In order to synthesize the 13 oxidative phosphorylation proteins encoded by mammalian mtDNA, a large assortment of nuclear encoded proteins is required. These include mitoribosomal proteins and various RNA processing, modification and degradation enzymes. RNA crosslinking has been successfully applied to identify whole-cell poly(A) RNA-binding proteomes, but this method has not been adapted to identify mitochondrial poly(A) RNA-binding proteomes. Here we developed and compared two related methods that specifically enrich for mitochondrial poly(A) RNA-binding proteins and analyzed bound proteins using mass spectrometry.
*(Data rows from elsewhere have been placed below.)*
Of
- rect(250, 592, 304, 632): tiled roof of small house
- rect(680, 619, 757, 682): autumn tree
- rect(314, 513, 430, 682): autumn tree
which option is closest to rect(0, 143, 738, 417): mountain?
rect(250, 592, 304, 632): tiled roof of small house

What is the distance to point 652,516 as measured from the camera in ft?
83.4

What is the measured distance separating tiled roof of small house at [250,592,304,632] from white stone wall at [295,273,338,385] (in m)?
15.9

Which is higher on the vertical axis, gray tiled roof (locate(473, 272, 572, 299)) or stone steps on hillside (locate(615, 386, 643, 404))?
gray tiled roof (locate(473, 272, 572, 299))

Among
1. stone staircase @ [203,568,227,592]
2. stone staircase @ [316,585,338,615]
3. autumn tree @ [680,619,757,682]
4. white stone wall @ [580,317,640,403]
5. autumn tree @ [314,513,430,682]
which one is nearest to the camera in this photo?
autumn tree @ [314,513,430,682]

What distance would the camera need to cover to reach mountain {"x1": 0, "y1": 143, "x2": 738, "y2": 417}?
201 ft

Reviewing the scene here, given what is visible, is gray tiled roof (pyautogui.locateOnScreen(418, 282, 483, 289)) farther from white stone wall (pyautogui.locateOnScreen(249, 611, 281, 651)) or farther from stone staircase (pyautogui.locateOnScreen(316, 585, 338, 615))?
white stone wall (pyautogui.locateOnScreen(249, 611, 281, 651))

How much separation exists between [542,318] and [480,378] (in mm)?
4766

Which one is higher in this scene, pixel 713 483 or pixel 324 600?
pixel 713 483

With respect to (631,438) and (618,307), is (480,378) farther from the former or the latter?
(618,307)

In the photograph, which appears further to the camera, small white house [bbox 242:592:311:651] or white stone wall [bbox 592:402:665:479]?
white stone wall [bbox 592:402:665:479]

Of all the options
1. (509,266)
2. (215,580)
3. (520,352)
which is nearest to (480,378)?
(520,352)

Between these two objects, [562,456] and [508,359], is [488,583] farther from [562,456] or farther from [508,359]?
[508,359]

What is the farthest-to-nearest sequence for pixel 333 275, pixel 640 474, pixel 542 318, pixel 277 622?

To obtain a catalog of the mitochondrial poly(A) RNA interacting proteome, we used Bayesian data integration to combine these two mitochondrial-enriched datasets as well as published whole-cell datasets of RNA-binding proteins with various online resources, such as mitochondrial localization from MitoCarta 2.0 and co-expression analyses. Our integrated analyses ranked the complete human proteome for the likelihood of mtRNA interaction. We show that at a specific, inclusive cut-off of the corrected false discovery rate (cFDR) of 69%, we improve the number of predicted proteins from 185 to 211 with our mass spectrometry data as input for the prediction instead of the published whole-cell datasets. The chosen cut-off determines the cFDR: the less proteins included, the lower the cFDR will be. For the top 100 proteins, inclusion of our data instead of the published whole-cell datasets improve the cFDR from 54% to 31%. We show that the mass spectrometry method most specific for mitochondrial RNA-binding proteins involves ex vivo 4-thiouridine labeling followed by mitochondrial isolation with subsequent in organello UV-crosslinking.